Analyze potential backside filing requirements (801.2(e)) based on where the entities stand before the main transaction.
Question
From: Walsh, Kathryn E.
Sent: Tuesday, March 22, 2016 3:09 PM
To: [REDACTED]
Subject: RE: Interpretation Question Regarding Rule 802.10
You analyze companies as they stand before the transaction. So, here any backside filing would be exempt under 802.4 because all X holds is cash and cash equivalents.
From: [REDACTED]
Sent: Tuesday, March 22, 2016 11:33 AM
To: Walsh, Kathryn E.
Subject: Interpretation Question Regarding Rule 802.10
Hi Kate,
We are analyzing whether there is the need for a potential backside filing based on the facts below and we would appreciate your insight.
Corporation X is a blank check development stage company. Corporation X was formed as public company for the purpose of effecting a merger, capital stock exchange, asset acquisition, stock purchase, reorganization or similar business combination with one or more businesses or assets. Corporation X is a “shell company” as defined under Regulation M under the Exchange Act of 1934 because Corporation X has no operations and nominal assets consisting solely of cash and/or cash equivalents. Corporation X generated less than $0.5 million of non-operating income in the form of interest on cash and cash equivalents from the proceeds derived from the Public Offering in the most recent fiscal year.

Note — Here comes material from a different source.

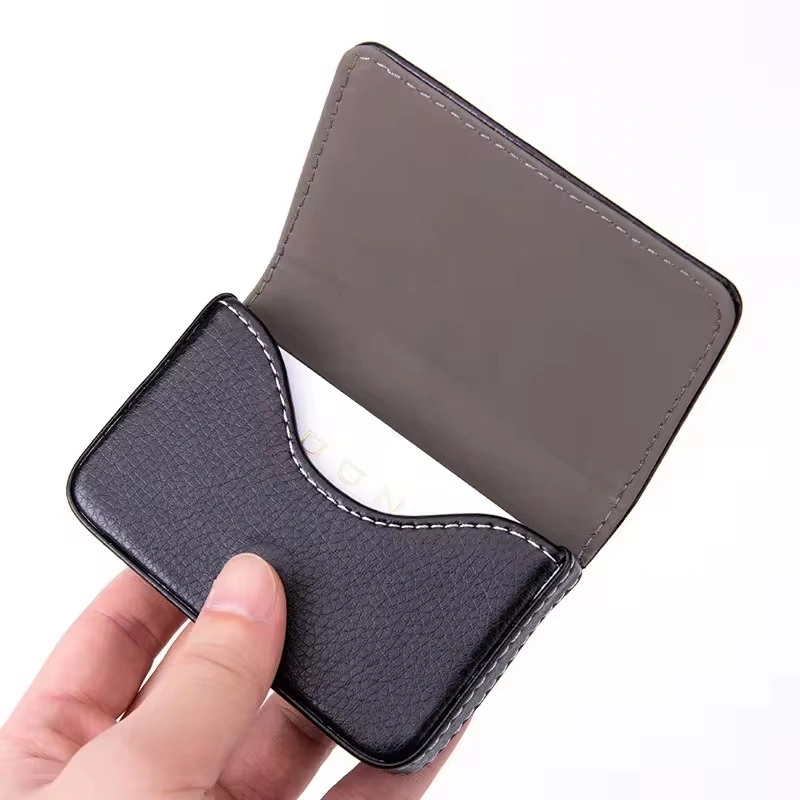 Promotional Custom Logo PU Leather Covered Business Card Case Leather Card Holder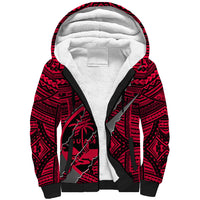 Polynesian Guam Sherpa Hoodie with Coat Of Arms Claws Style - Red LT6 Unisex Red - Polynesian Pride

Corporation X will be acquiring all of the non-corporate interests of Company ABC. Certain Company ABC non-corporate interest holders will receive in excess of $78.2 million of Corporation X voting securities as partial consideration for the transaction; however, no such rollover holder will have a per centum increase in its indirect ownership of Company ABC (i.e., indirect ownership of Company ABC through Corporation X) as a result of the transaction. The only operations within Corporation X will be the non-operating interest income generated by Corporation X and that of Company ABC. A filing will be required for Corporation X to acquire Company ABC.
Given the above, do you agree that the ABC non-corporate holders receiving in excess of $78.2 million of Corporation X voting securities do not have a backside filing obligation pursuant to 16 CFR 802.10? Please see https://www.ftc.gov/enforcement/premerger-notification-program/informal-interpretations/0904003.
We very much appreciate your assistance.